EXERCISE GOAL =
Using the material below, print a verbatim copy of every line from the one containing "Clinical treatment room" through the one containing "Black & Decker", inclusive, and omit the pictures.

EXTRACTED ENTRIES =
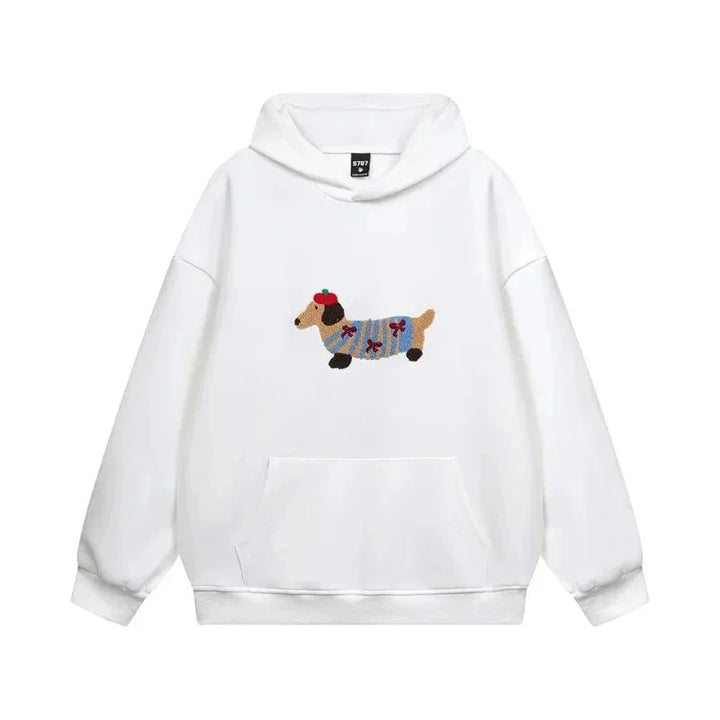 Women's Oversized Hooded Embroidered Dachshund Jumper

--

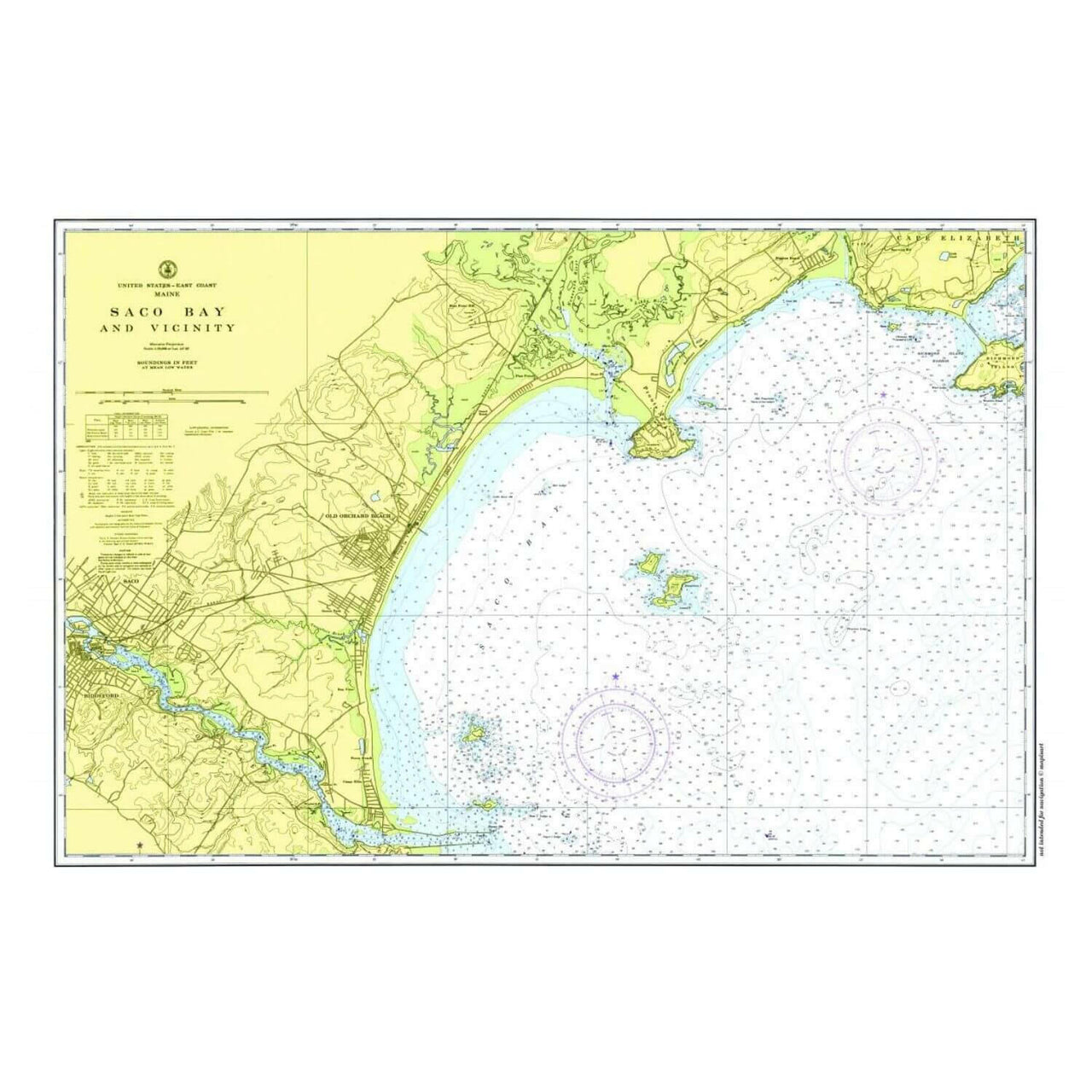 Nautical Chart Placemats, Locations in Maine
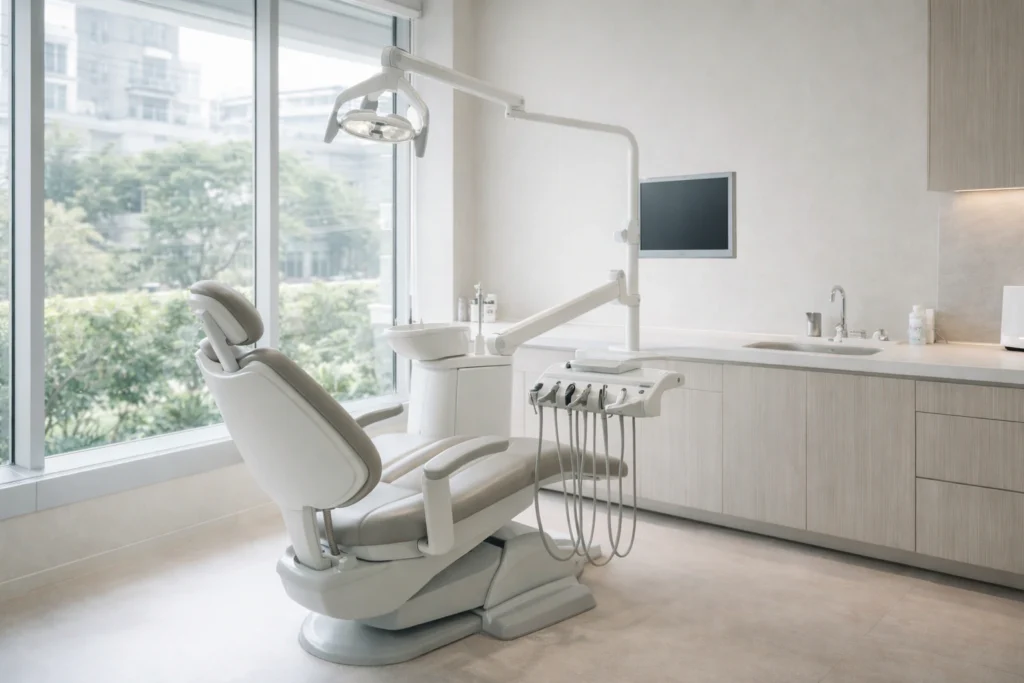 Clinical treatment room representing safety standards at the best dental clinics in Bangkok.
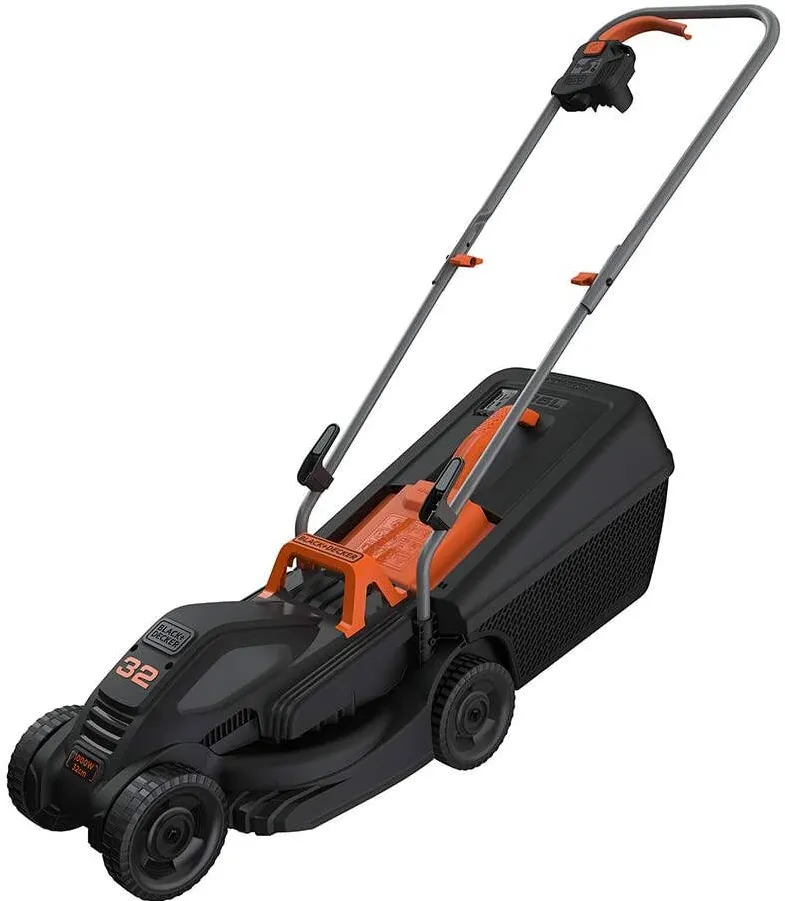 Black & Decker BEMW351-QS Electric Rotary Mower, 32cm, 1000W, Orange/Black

SOLUTION =
 Clinical treatment room representing safety standards at the best dental clinics in Bangkok.
 Black & Decker BEMW351-QS Electric Rotary Mower, 32cm, 1000W, Orange/Black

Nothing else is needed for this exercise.